The usual punishment given out for sexual transgressors was to shame them. They would be forced to make some kind of public repentance, perhaps sitting in a special seat in the church during divine service, or standing in a white sheet on market day.
Given that this was a society that whipped those caught begging and sometimes hanged teenagers for minor theft, this might seem astonishingly mild. But this is to miss the point. It was all supposed to be deeply embarrassing. And it was. So much so that people sometimes begged to be let off for fear of the lasting shame it would bring.
In 1629, for example, a Banbury man paid a swingeing £3 fine for fornication, having pleaded with the court that public punishment ‘would be a great disparagement unto him in respect for preferment in marriage and, in all likelihood, an occasion of his loss of his present service and also of his friends’ goodwill and inclination towards his future preferment’. It was even claimed, on behalf of John Musgrave of Doddington, Cambridgeshire, that his mother would fall to ‘extremities’ were he to be subject to public shame.
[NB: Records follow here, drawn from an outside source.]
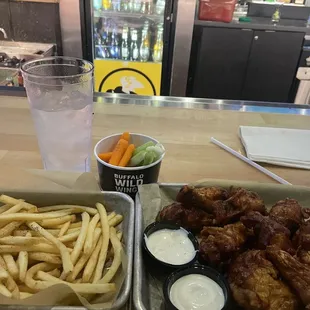 chicken, poultry, bbq wings, bbq chicken, food, chicken wings, chicken wings and fried chicken, fried chicken, fried chicken wings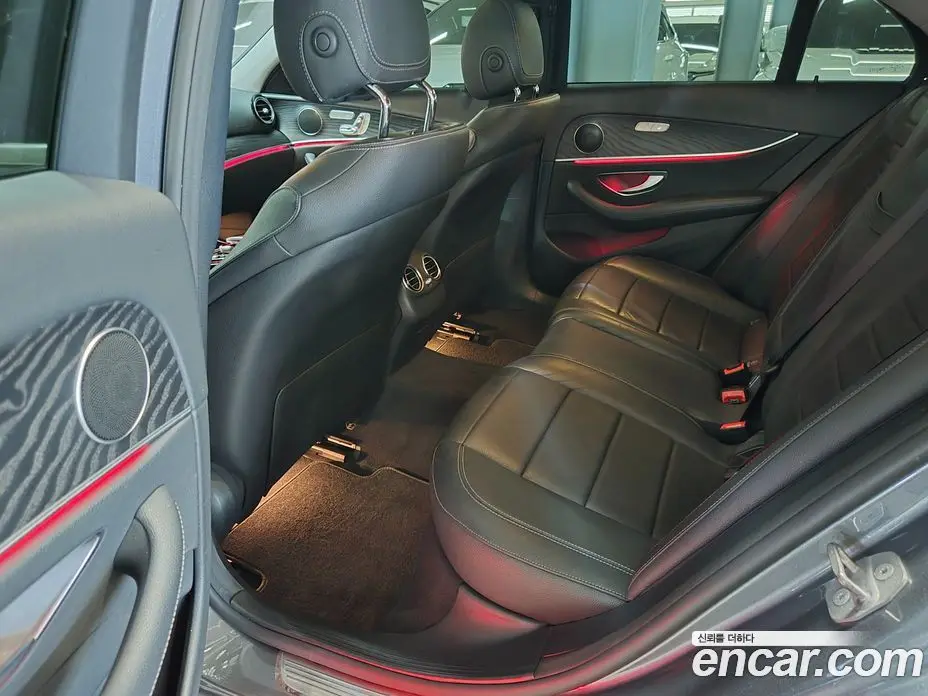 Mercedes-Benz E-Class 2017 1.9 автомат (гидро), фото 15 Mercedes-Benz E-Class 2017 1.9 автомат (гидро), фото 15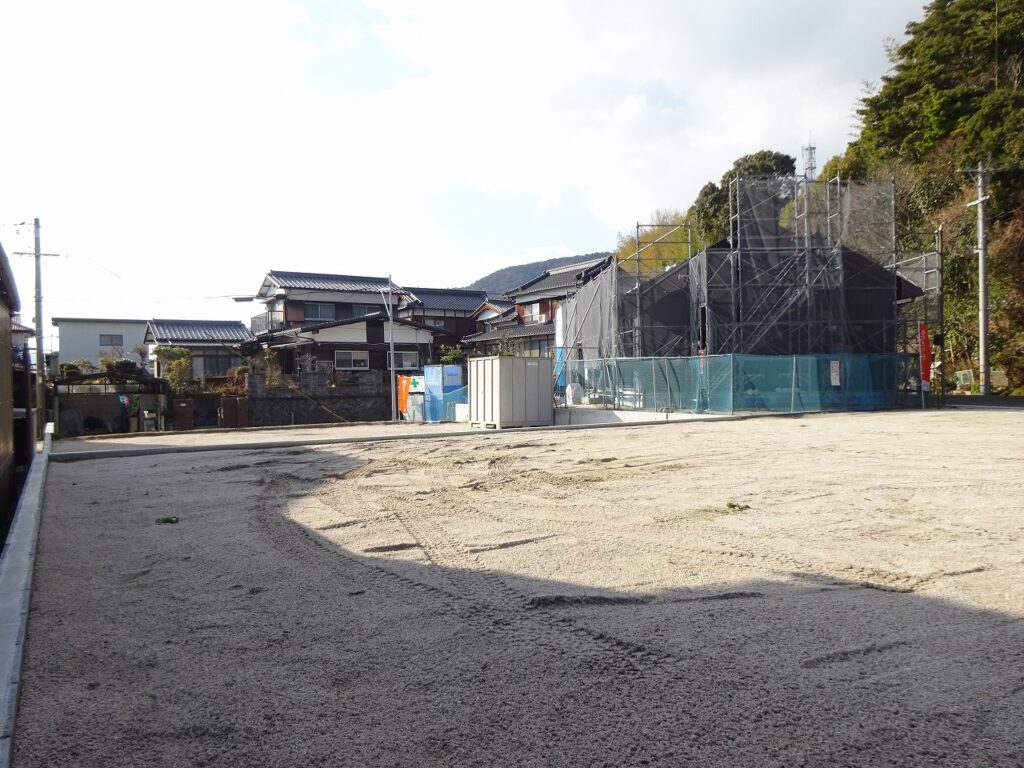 2区画分譲中です。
She had, after all, ‘swooned almost irrecoverably when she first heard him convicted’.
In many cases, the courts were actually sympathetic and allowed people to do their penance in private: a sort of village equivalent of the modern-day superinjunction.
It speaks of a world in which people were taught to feel deep embarrassment for sexual misdemeanours.
Our shaming culture, then, is old. England of the 17th century was uncomfortable with sex, though they loved to moralise about it. The Church Courts have gone, but we haven’t, I don’t think, fallen especially far from this tree.
But at least one thing has changed since the days of the ‘Bum Courts’, and not just the respective roles of Church and state.
In the past, the ultimate aim of the sanctions meted out by Church Courts was repentance and, ultimately, forgiveness. Once people had done their time standing in a white sheet, they were symbolically readmitted to the community. Ultimately, forgiveness and reconciliation were the aim.
I’m not so sure, in the internet age, that this is still the case.